Als Formular am Auftrag steht dieselbe Information allen zur Verfügung, im Büro, in der Werkstatt und auf der Baustelle. Am meisten macht das dort aus, wo in der Halle gefertigt und beim Kunden eingebaut wird.

Was auf ein Auftragsdatenblatt gehört

  • Kopfdaten

    Auftragsnummer, Auftragsart und wer im Betrieb die Verantwortung für den Auftrag hat. Diese Angaben stehen schon fest, sobald der Auftrag als Auftragsakte angelegt wird.

  • Kunde und Ansprechpartner

    Wer vor Ort zuständig ist und unter welcher Nummer erreichbar. Bei Firmenkunden zusätzlich der Bauleiter oder Hausmeister, der die Tür aufschließt.

  • Objekt und Zugang

    Adresse, Etage, Schlüsselübergabe, Alarmcode, Parkmöglichkeit, Aufzug und der Weg, über den angeliefert wird.

  • Technische Eckdaten

    Maße, Material, Ausführung, was vom Standard abweicht.

  • Termine und Fristen

    Montagetermin, Liefertermin, das Zeitfenster vor Ort und der geplante Abnahmetermin.

  • Rückmeldefelder

    Platz für die Baustelle: Was war anders als geplant, was fehlt noch, was muss nachbestellt werden.

  • Besonderheiten

    Der Hund im Garten, die Anlieferzeiten, der empfindliche Boden.

Wie viel davon sinnvoll ist, hängt am Gewerk: im Fensterbau die Einbausituation, bei SHK Anlagentyp, Fabrikat und Zählerstand, beim Schreiner die Frage, ob das Möbel über das Treppenhaus an seinen Platz kommt.

Nimm die Liste als Ausgangspunkt und streich alles, was bei euch nie jemand ausfüllt. Ein Blatt mit zwölf gepflegten Feldern ist mehr wert als eines mit vierzig, von denen die Hälfte leer bleibt. Die meisten Anrufe von der Baustelle drehen sich ohnehin um zwei Dinge: Wer schließt auf, und wo darf der Transporter stehen.

Auftragsdatenblatt, Auftragszettel, Auftragsbestätigung

Die Auftragsbestätigung ist das kaufmännische Dokument für den Kunden und entsteht in eurer Bürosoftware. Das Auftragsdatenblatt ist die interne Arbeitsgrundlage für alle, die den Auftrag ausführen, und Auftragszettel oder Laufzettel meinen dasselbe Blatt mit anderem Namen auf dem Kopf.

Was während und nach dem Einsatz entsteht, sind eigene Dokumente: das Aufmaßblatt beim Aufmaß, der Rapportzettel für Stunden und Material, das Abnahmeprotokoll am Ende. Alle hängen an derselben Auftragsakte und greifen auf dieselben Eckdaten zurück.

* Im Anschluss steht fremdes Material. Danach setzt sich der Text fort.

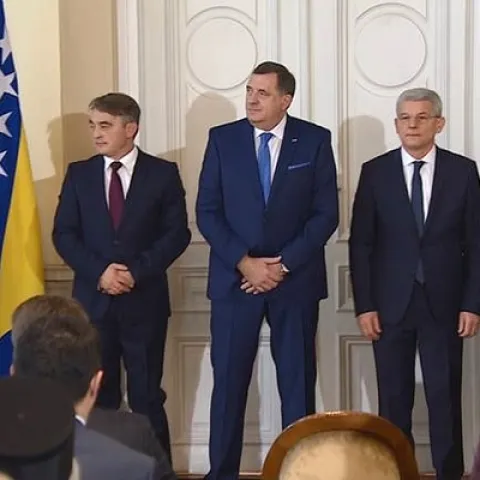 Predsjedni&scaron;tvo BiH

Das Auftragsdatenblatt ist unterwegs auf dem Smartphone verfügbar.

Verfügbar, wo der Auftrag ist

Das Datenblatt hängt an der Auftragsakte. Wer den Auftrag öffnet, hat die Eckdaten dabei, auch unterwegs.

Damit erübrigt sich der Anruf ins Büro wegen einer Telefonnummer aus dem Ordner. Wer den Auftrag auf dem Handy überhaupt zu sehen bekommt, entscheidet die Einsatzplanung.

Auftragsakte mit Datenblatt, Formularen und Dokumenten.

Teil der Auftragsakte

Datenblatt, Aufmaß, Fotos, Rapporte und Protokolle liegen am selben Auftrag, eine zweite Ablage gibt es nicht.

So wird euer Datenblatt eingerichtet

  • Blatt als Scan schicken

    Ihr schickt uns euer Datenblatt so, wie es heute aussieht. Handschriftliche Ergänzungen am Rand sind dabei eher hilfreich, weil sie zeigen, was im Formular fehlt.

  • Wir bauen es nach

    Aus dem Scan wird eine Vorlage mit denselben Feldern in derselben Reihenfolge. Ihr müsst euch nicht an eine fremde Struktur gewöhnen.

  • An einem echten Auftrag prüfen

    Der erste Test läuft mit einem laufenden Auftrag, nicht mit Beispieldaten. Erst dort fällt auf, welches Feld auf dem Handy zu klein ist.

  • Nachjustieren, wann immer nötig

    Felder ergänzen, umsortieren oder rauswerfen geht auch nach Monaten noch.

Bei Ammann Treppenbau stand genau dieses Blatt im Mittelpunkt der Einführung: ausgedruckt in der Auftragsmappe, an mehreren Stellen ergänzt und korrigiert. Heute liegt es digital am Auftrag, drei weitere Formulare bilden die Schritte bis zur Montage ab.

Neben Text, Zahlen und Datum nimmt ein Formular Auswahlmenüs, Unterschriftsfelder und Skizzenfelder zum Zeichnen auf, und ein Arbeitsschritt lässt sich so einstellen, dass er erst mit vollständigem Datenblatt abgeschlossen werden kann.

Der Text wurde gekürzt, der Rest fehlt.